As declarações e gestos de Lula trincaram sua relação com amplos segmentos da esquerda brasileira. Antes, só o MST tinha feito criticas diretas e duras ao governo, denunciando que nenhuma desapropriação foi feita até agora.

Quanto aos trabalhadores, vale a pena acompanhar o que está acontecendo com o Projeto de Lei de Regulamentação do Trabalho por Aplicativos de Transporte de Pessoas lançado por Lula em 4 de março. Há divergências na esquerda na análise do projeto: há quem o considere um grande avanço e que o enxergue como um desastre. Aqui não há espaço para este debate de mérito. O que importa é notar a dessintonia entre o governo e o universo dos motoristas de plataformas de aplicativos. Os primeiros sinais indicam uma rejeição em massa dos trabalhadores ao projeto. Basta entrar num carro com motoristas desses aplicativos (Uber, 99 ou outros) para constatar que eles consideram viver melhor agora do que antes. O entendimento é que o governo com o projeto mexe no que eles acham que tá bom e traz de volta aquilo que repelem, a CLT e as relações de trabalho abjetas que mantinham antes. As condições com o Uber ou 99 são abjetas? São. Mas os trabalhadores parecem não sentir assim. Temos risco de, por conta de um projeto feito em acordo com as plataformas, ter um levante dos motoristas contra o PL nas ruas das principais cidades do país. Com o estímulo do bolsonarismo, as mobilizações podem levar a uma derrota dura no Congresso. 

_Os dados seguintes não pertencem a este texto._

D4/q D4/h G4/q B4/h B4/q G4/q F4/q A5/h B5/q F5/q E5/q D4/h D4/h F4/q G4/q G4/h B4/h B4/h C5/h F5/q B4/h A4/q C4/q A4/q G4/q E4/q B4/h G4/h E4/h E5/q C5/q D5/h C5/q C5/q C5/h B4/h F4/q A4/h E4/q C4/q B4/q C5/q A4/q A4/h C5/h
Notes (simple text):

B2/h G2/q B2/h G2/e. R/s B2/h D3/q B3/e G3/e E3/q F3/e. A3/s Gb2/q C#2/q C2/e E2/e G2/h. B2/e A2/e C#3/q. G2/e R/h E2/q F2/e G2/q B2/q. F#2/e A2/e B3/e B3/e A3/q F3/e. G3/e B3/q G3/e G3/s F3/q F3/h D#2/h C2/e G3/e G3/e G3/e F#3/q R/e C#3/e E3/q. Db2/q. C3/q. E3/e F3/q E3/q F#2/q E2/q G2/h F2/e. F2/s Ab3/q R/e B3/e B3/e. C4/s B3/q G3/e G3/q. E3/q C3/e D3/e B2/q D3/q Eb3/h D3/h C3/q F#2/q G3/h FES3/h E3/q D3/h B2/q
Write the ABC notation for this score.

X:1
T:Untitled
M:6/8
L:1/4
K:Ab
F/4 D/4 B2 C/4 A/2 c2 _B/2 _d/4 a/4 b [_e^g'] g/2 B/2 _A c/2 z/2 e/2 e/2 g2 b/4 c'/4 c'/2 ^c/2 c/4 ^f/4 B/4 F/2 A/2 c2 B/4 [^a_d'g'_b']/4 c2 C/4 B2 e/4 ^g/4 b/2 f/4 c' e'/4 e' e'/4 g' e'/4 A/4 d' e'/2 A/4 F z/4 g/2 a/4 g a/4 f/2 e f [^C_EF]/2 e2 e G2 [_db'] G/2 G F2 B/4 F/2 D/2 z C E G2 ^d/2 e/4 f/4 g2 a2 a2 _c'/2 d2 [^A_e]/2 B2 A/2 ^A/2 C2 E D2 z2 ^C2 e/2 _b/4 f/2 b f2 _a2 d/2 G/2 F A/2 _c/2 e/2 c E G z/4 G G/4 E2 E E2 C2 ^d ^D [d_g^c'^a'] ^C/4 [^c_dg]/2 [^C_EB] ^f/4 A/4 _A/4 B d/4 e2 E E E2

O governo Lula corre o risco de passar à história como aquele que liquidou a CLT e a jornada de trabalho de 8 horas. Além do risco adicional de o governo ter criado uma nova modalidade de contratação de trabalhadores – os trabalhadores de plataformas – que podem ser contratados por qualquer empresa sem nenhum vínculo trabalhista. Basta a empresa se declarar plataforma.

A ideia da conciliação vem de longe

Por fim, vale o registro. A ideia de “união” e conciliação é anterior a Lula 3. Estava presente já na campanha eleitoral. Quando Edinho Silva, ao lado de Rui Falcão, assumiu a coordenação da comunicação da campanha de Lula, em maio de 2022, a política da conciliação e da fuga ao embate estabeleceu-se -cumpre registrar que foi Edinho quem deu o tom da comunicação.  

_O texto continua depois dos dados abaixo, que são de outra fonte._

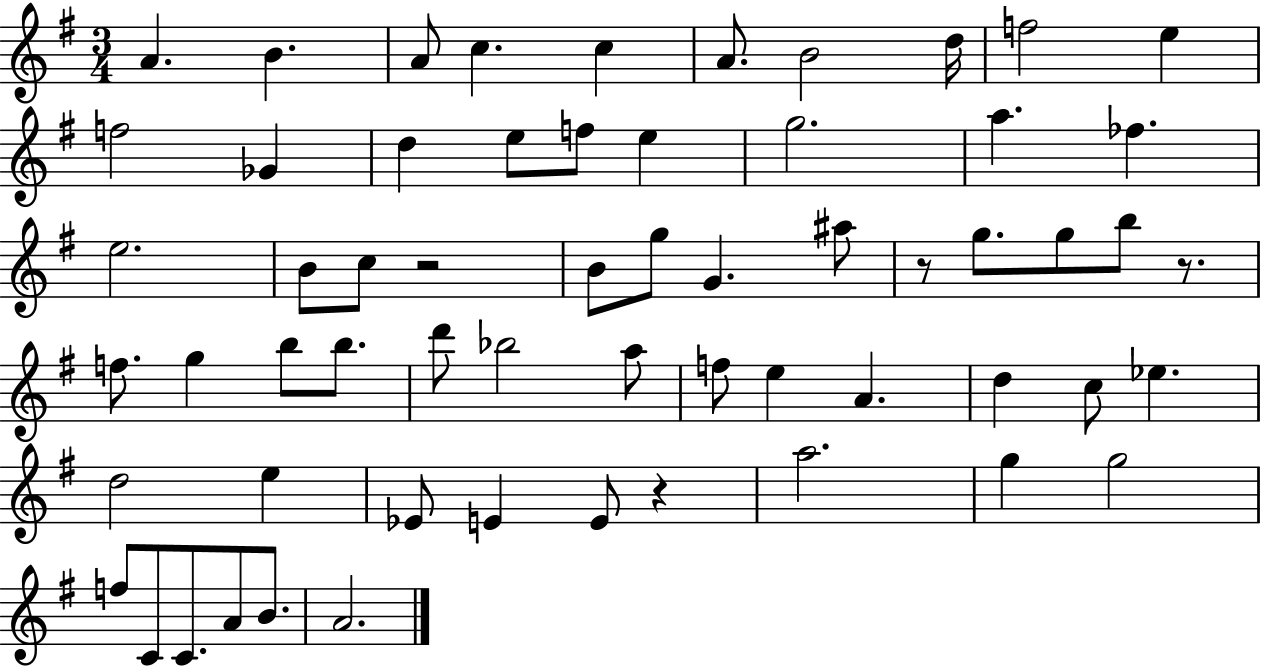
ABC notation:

X:1
T:Untitled
M:3/4
L:1/4
K:G
A B A/2 c c A/2 B2 d/4 f2 e f2 _G d e/2 f/2 e g2 a _f e2 B/2 c/2 z2 B/2 g/2 G ^a/2 z/2 g/2 g/2 b/2 z/2 f/2 g b/2 b/2 d'/2 _b2 a/2 f/2 e A d c/2 _e d2 e _E/2 E E/2 z a2 g g2 f/2 C/2 C/2 A/2 B/2 A2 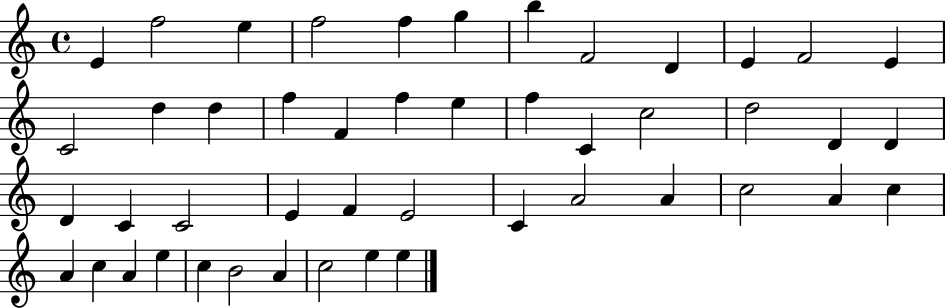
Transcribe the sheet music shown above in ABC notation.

X:1
T:Untitled
M:4/4
L:1/4
K:C
E f2 e f2 f g b F2 D E F2 E C2 d d f F f e f C c2 d2 D D D C C2 E F E2 C A2 A c2 A c A c A e c B2 A c2 e e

A partir de então, Edinho passou a abrandar a contundência da campanha. “Faremos uma campanha propositiva, sem ataques de baixo nível” anunciou ele em diversas entrevistas. Em vez do embate com o Bolsonaro e a extrema direita e seus projetos para o país, a campanha de Lula pautou-se por um projeto genérico de “união nacional” e retomada dos programas dos governos do PT. 

O mesmo Edinho, registre-se, foi, ao lado de Jaques Wagner e outros, um dos responsáveis pela política de “união” e concessões logo no início do segundo governo Dilma. Edinho Silva foi chefe da Secom no segundo governo Dilma e Wagner chefe da Casa Civil. Apoiaram a indicação de Joaquim Levy para a Fazenda, quando implementou-se uma política econômica não muito diferente da de Haddad, com perfil fiscalista. A tese era a mesma: se fizerem-se concessões ao grande capital, especialmente o financeiro, à direita tradicional e aos militares haverá estabilidade. Viu-se no que deu. Ali, vale a menção, havia o dedo de Lula. Lula de fato não indicou Levy para a Fazenda. Pior: indicou o chefe dele, Luiz Carlos Trabuco, então presidente do Bradesco. Trabuco recusou o convite e indicou Levy.

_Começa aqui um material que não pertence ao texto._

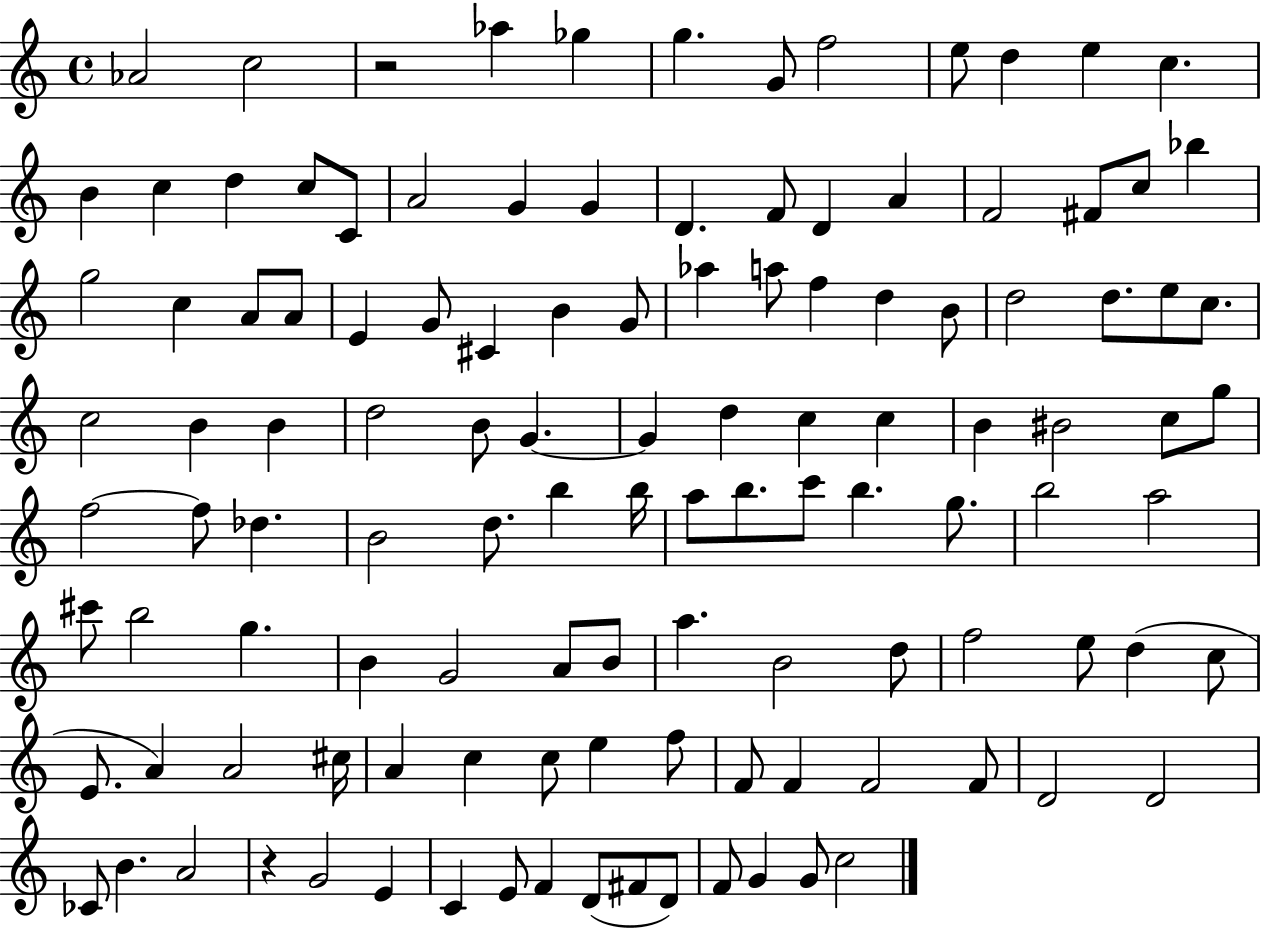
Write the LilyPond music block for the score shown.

{
  \clef treble
  \time 4/4
  \defaultTimeSignature
  \key c \major
  aes'2 c''2 | r2 aes''4 ges''4 | g''4. g'8 f''2 | e''8 d''4 e''4 c''4. | \break b'4 c''4 d''4 c''8 c'8 | a'2 g'4 g'4 | d'4. f'8 d'4 a'4 | f'2 fis'8 c''8 bes''4 | \break g''2 c''4 a'8 a'8 | e'4 g'8 cis'4 b'4 g'8 | aes''4 a''8 f''4 d''4 b'8 | d''2 d''8. e''8 c''8. | \break c''2 b'4 b'4 | d''2 b'8 g'4.~~ | g'4 d''4 c''4 c''4 | b'4 bis'2 c''8 g''8 | \break f''2~~ f''8 des''4. | b'2 d''8. b''4 b''16 | a''8 b''8. c'''8 b''4. g''8. | b''2 a''2 | \break cis'''8 b''2 g''4. | b'4 g'2 a'8 b'8 | a''4. b'2 d''8 | f''2 e''8 d''4( c''8 | \break e'8. a'4) a'2 cis''16 | a'4 c''4 c''8 e''4 f''8 | f'8 f'4 f'2 f'8 | d'2 d'2 | \break ces'8 b'4. a'2 | r4 g'2 e'4 | c'4 e'8 f'4 d'8( fis'8 d'8) | f'8 g'4 g'8 c''2 | \break \bar "|."
} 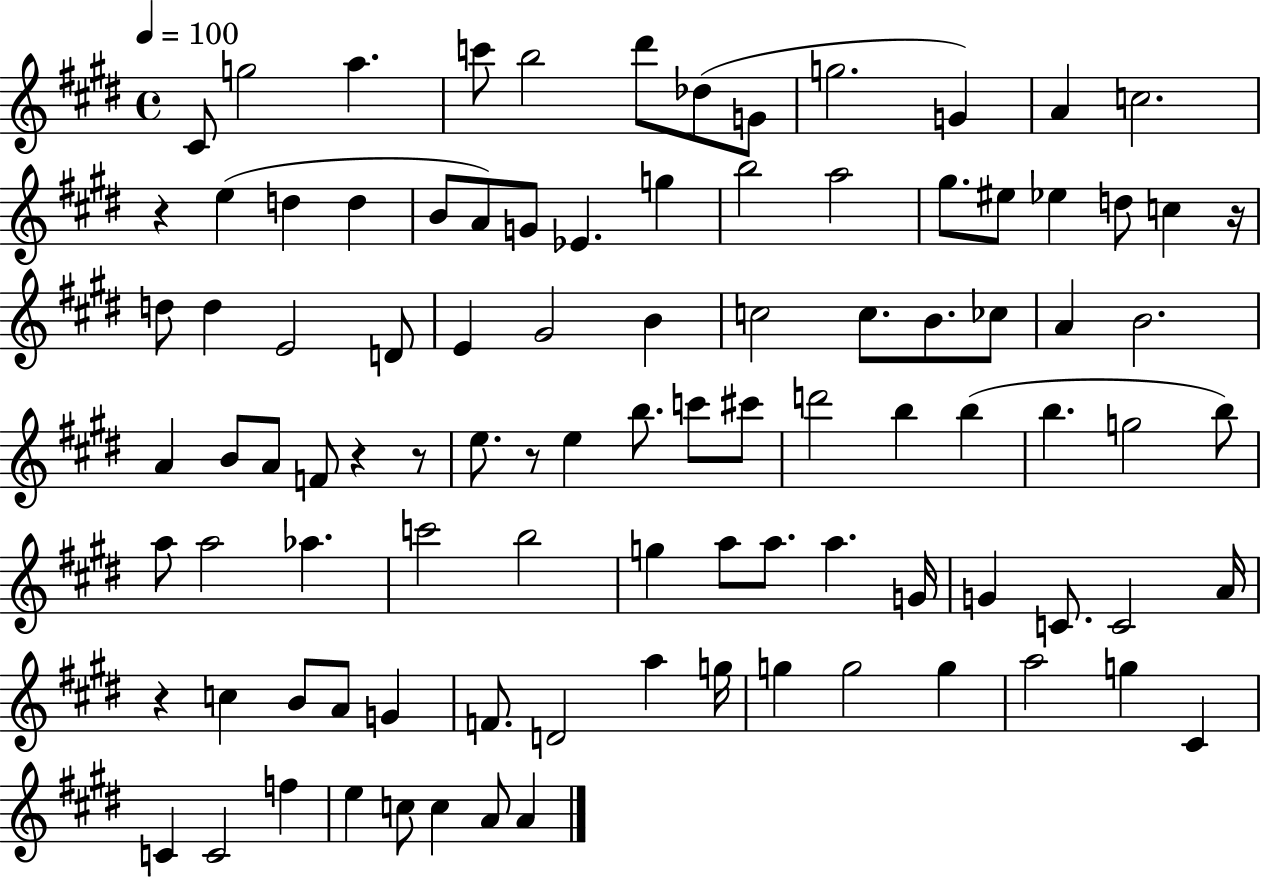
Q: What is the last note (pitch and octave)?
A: A4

O que se viu até agora no governo Lula, portanto, é o seguimento e a radicalização de uma política que conforma o lulismo há pelo menos duas décadas.

No Palácio, o que se ouve depois das pesquisas é que em vez de mudança de rumos, o governo deve aprofundar ainda mais a política atual e adernar à direita, com mais acordos com o  grande capital, com o Centrão e os militares. Nos desvãos da “grande política de união”, concessões aos trabalhadores, às mulheres, à juventude preta periférica, aos povos indígenas. Quanto à esquerda, deverá ser mantida à distância.